We found nothing resembling the fatwa against men and women chatting.
In 2005, the NCRI played a major role in spreading unsubstantiated rumors of “gay executions” in Iran to a gullible Peter Tatchell and others.
They’ve been a recurrent source of alarmist rumor about Iran’s nuclear program, serving sometimes as a proxy and puppet for both the US and Israel to get their own versions out — but, as Patrick Cockburn writes about the “strange, highly disciplined, cult-like organisation,” The problem with the US-Iranian proxy war is that neither side quite controls their own proxies to the degree the other side imagines.

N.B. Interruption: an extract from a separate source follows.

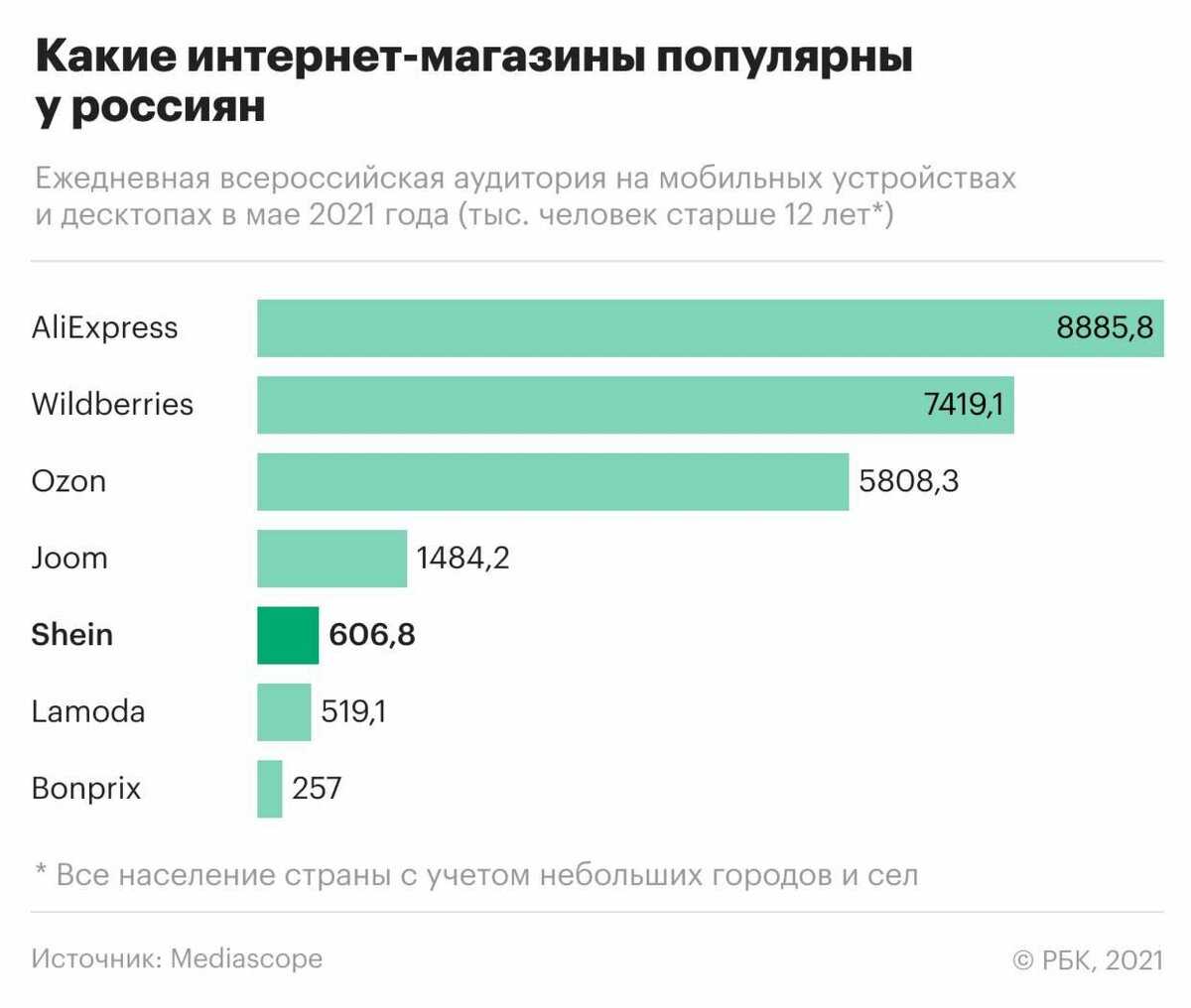 Интернет сервисы: что это такое и какие преимущества они предоставляют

The Supreme Leader of Iran, Ayatollah Ali Khameini, had used “his own website” to issue a fatwa barring men and women from chatting together online, “given the immorality that often applies to this.” The story got retweeted by real human rights activists, like Suzanne Nossel, head of the PEN American Center: And by fake ones, like Ben Weinthal, paid to propagandize for an Iran war by the so-called Foundation for Defense of Democracies: Robert Spencer, the highly profit-making one-man Islamophobic road show, seized on it: And for some reason, the story seems to have been a big hit in Indonesia, where perhaps it allowed believers in a notoriously syncretic Islam to laugh at those crazy Iranians: Here’s my question, though: can be about anything.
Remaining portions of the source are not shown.